==== RECORDS FOR THIS EXERCISE
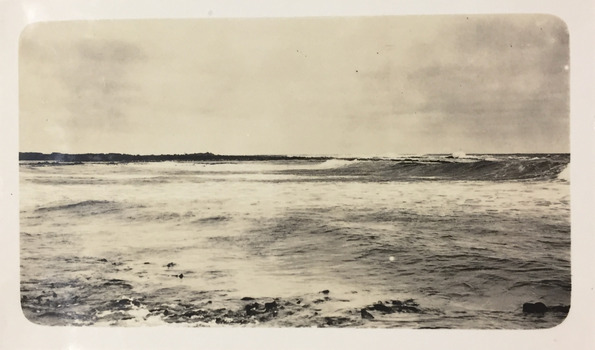 Southern Shoreline at Port Fairy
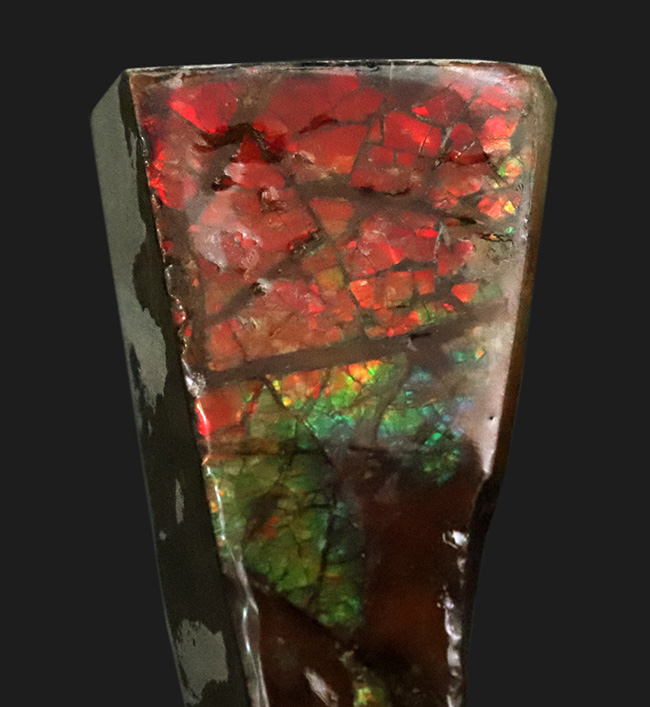 素晴らしいプレイオブカラーが楽しめる、化石と宝石の狭間に生まれた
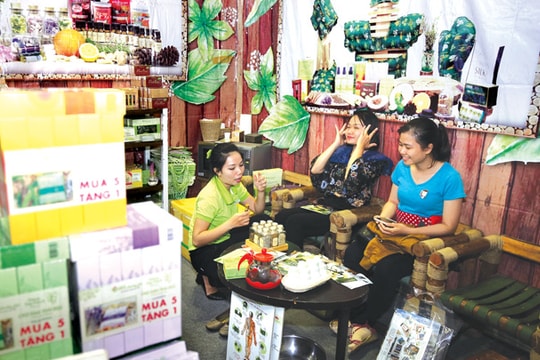 Thị trường mỹ phẩm thiên nhiên: "Nút thắt" nguyên liệu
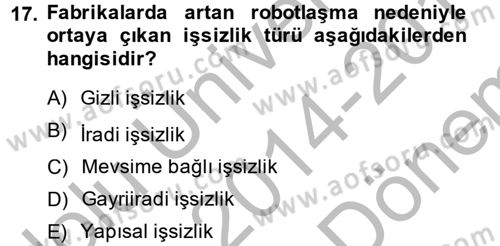 Çalışma Psikolojisi Dersi 2014 - 2015 Yılı (Final) Dönem Sonu Sınav Soruları 17. Soru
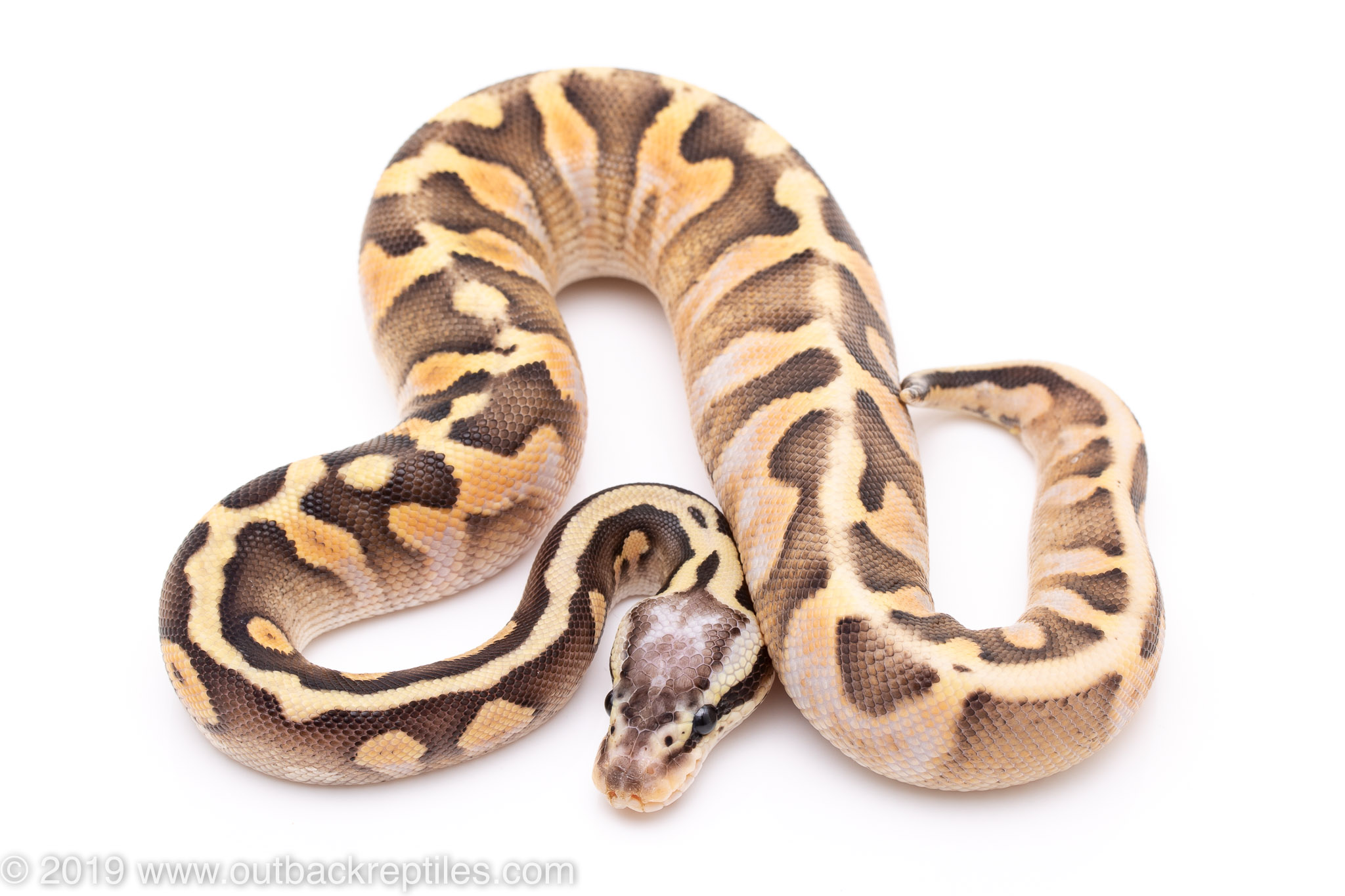 Super Pastel Calico Ball Python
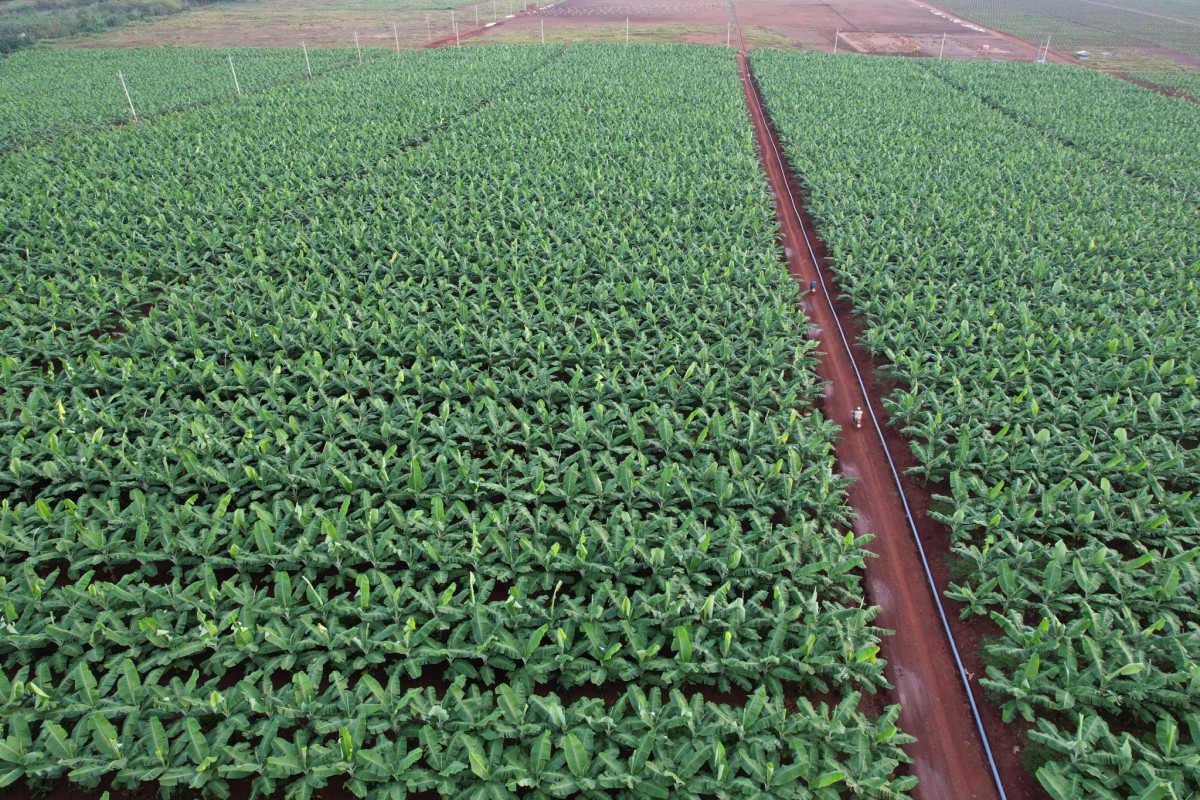 “Kho báu” giữa đại ngàn Tam đảo được mệnh danh là “đệ nhất vương giả”: Chỉ Việt Nam có- Ảnh 2.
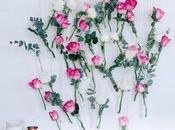 Lista Deseos Rosegal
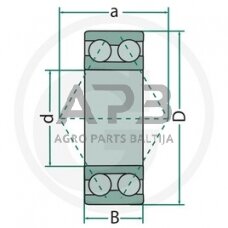 SKF dvieilis rutulinis guolis 3205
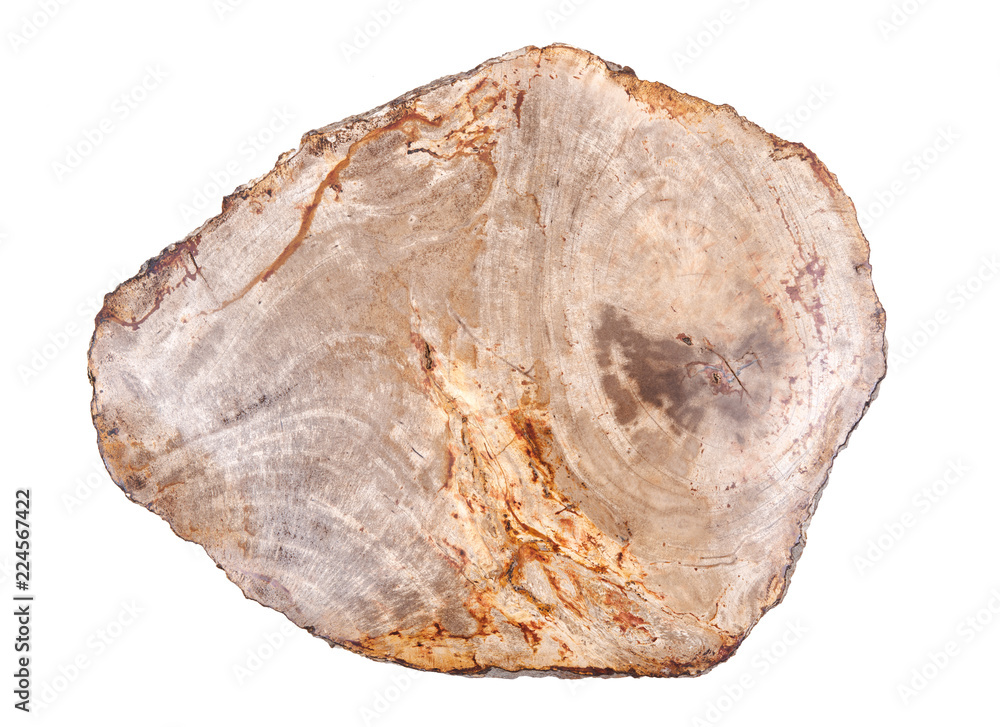 Natural polished Petrified wood slab from Madagascar isolated on white background. Natural polished Petrified wood slab from Madagascar isolated on white background.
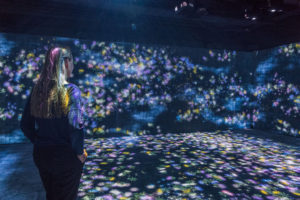 “Teamlab: Flowers and People Cannot be Controlled but Live Together – A Whole Year per Hour,” Spring 2017. (Photo by Nash Baker)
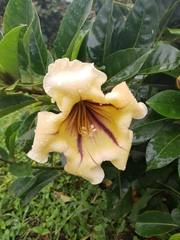 Solandra maxima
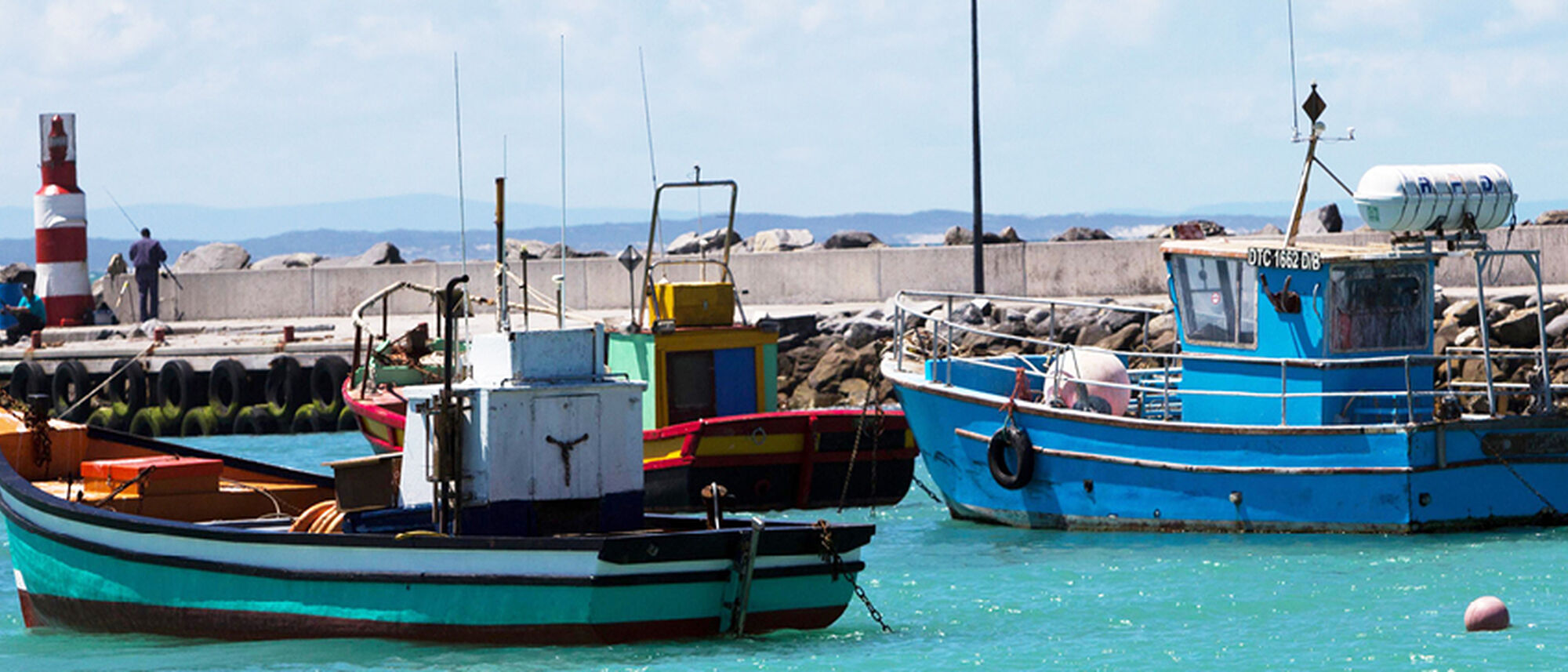 Image Title Image Title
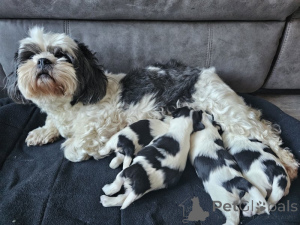 Photo №1. lhassa apso - à vendre en ville de Odensa | négocié | Annonce №169998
========
WHAT THE EXERCISE ASKS => With the pictures omitted, the records above are to be repeated exactly.

SOLUTION TO THIS PROBLEM =>
 Southern Shoreline at Port Fairy
 素晴らしいプレイオブカラーが楽しめる、化石と宝石の狭間に生まれた
 Thị trường mỹ phẩm thiên nhiên: "Nút thắt" nguyên liệu
 Çalışma Psikolojisi Dersi 2014 - 2015 Yılı (Final) Dönem Sonu Sınav Soruları 17. Soru
 Super Pastel Calico Ball Python
 “Kho báu” giữa đại ngàn Tam đảo được mệnh danh là “đệ nhất vương giả”: Chỉ Việt Nam có- Ảnh 2.
 Lista Deseos Rosegal
 SKF dvieilis rutulinis guolis 3205
 Natural polished Petrified wood slab from Madagascar isolated on white background. Natural polished Petrified wood slab from Madagascar isolated on white background.
 “Teamlab: Flowers and People Cannot be Controlled but Live Together – A Whole Year per Hour,” Spring 2017. (Photo by Nash Baker)
 Solandra maxima
 Image Title Image Title
 Photo №1. lhassa apso - à vendre en ville de Odensa | négocié | Annonce №169998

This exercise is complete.